The way in which Miss Keller wrote her story shows, as nothing else can show, the difficulties she had to overcome. When we write, we can go back over our work, shuffle the pages, interline, rearrange, see how the paragraphs look in proof, and so construct the whole work before the eye, as an architect constructs his plans. When Miss Keller puts her work in typewritten form, she cannot refer to it again unless someone reads it to her by means of the manual alphabet.

This difficulty is in part obviated by the use of her braille machine, which makes a manuscript that she can read; but as her work must be put ultimately in typewritten form, and as a braille machine is somewhat cumbersome, she has got into the habit of writing directly on her typewriter. She depends so little on her braille manuscript, that, when she began to write her story more than a year ago and had put in braille a hundred pages of material and notes, she made the mistake of destroying these notes before she had finished her manuscript. Thus she composed much of her story on the typewriter, and in constructing it as a whole depended on her memory to guide her in putting together the detached episodes, which Miss Sullivan read over to her.

Last July, when she had finished under great pressure of work her final chapter, she set to work to rewrite the whole story. Her good friend, Mr. William Wade, had a complete braille copy made for her from the magazine proofs. Then for the first time she had her whole manuscript under her finger at once. She saw imperfections in the arrangement of paragraphs and the repetition of phrases. She saw, too, that her story properly fell into short chapters and redivided it.

Partly from temperament, partly from the conditions of her work, she has written rather a series of brilliant passages than a unified narrative; in point of fact, several paragraphs of her story are short themes written in her English courses, and the small unit sometimes shows its original limits.

In rewriting the story, Miss Keller made corrections on separate pages on her braille machine.
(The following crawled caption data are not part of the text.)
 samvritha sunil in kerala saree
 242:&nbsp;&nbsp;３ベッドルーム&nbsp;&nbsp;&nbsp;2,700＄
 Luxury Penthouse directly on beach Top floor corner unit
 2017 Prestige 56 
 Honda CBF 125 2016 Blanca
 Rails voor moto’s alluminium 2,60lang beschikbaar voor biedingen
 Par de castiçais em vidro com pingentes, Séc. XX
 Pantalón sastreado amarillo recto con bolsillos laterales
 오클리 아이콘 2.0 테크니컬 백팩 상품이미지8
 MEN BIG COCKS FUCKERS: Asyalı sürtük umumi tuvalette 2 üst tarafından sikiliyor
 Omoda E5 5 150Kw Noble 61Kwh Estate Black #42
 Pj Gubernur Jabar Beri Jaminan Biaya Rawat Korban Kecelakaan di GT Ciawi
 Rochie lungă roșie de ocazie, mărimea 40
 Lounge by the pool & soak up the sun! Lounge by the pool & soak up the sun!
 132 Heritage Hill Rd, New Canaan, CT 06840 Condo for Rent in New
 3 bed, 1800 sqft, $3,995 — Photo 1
Long corrections she wrote out on her typewriter, with catchwords to indicate where they belonged. Then she read from her braille copy the entire story, making corrections as she read, which were taken down on the manuscript that went to the printer. During this revision she discussed questions of subject matter and phrasing. She sat running her finger over the braille manuscript, stopping now and then to refer to the braille notes on which she had indicated her corrections, all the time reading aloud to verify the manuscript.

She listened to criticism just as any author listens to his friends or his editor. Miss Sullivan, who is an excellent critic, made suggestions at many points in the course of composition and revision. One newspaper suggested that Miss Keller had been led into writing the book and had been influenced to put certain things into it by zealous friends. As a matter of fact, most of the advice she has received and heeded has led to excisions rather than to additions. The book is Miss Keller’s and is final proof of her independent power.

II Personality

Mark Twain has said that the two most interesting characters of the nineteenth century are Napoleon and Helen Keller. The admiration with which the world has regarded her is more than justified by what she has done. No one can tell any great truth about her which has not already been written, and all that I can do is to give a few more facts about Miss Keller’s work and add a little to what is known of her personality.

Miss Keller is tall and strongly built, and has always had good health. She seems to be more nervous than she really is, because she expresses more with her hands than do most English-speaking people. One reason for this habit of gesture is that her hands have been so long her instruments of communication that they have taken to themselves the quick shiftings of the eye, and express some of the things that we say in a glance. All deaf people naturally gesticulate. Indeed, at one time it was believed that the best way for them to communicate was through systematized gestures, the sign language invented by the Abbé de l’Epée.

When Miss Keller speaks, her face is animated and expresses all the modes of her thought⁠—the expressions that make the features eloquent and give speech half its meaning. On the other hand she does not know another’s expression. When she is talking with an intimate friend, however, her hand goes quickly to her friend’s face to see, as she says, “the twist of the mouth.” In this way she is able to get the meaning of those half sentences which we complete unconsciously from the tone of the voice or the twinkle of the eye.

Her memory of people is remarkable. She remembers the grasp of fingers she has held before, all the characteristic tightening of the muscles that makes one person’s handshake different from that of another.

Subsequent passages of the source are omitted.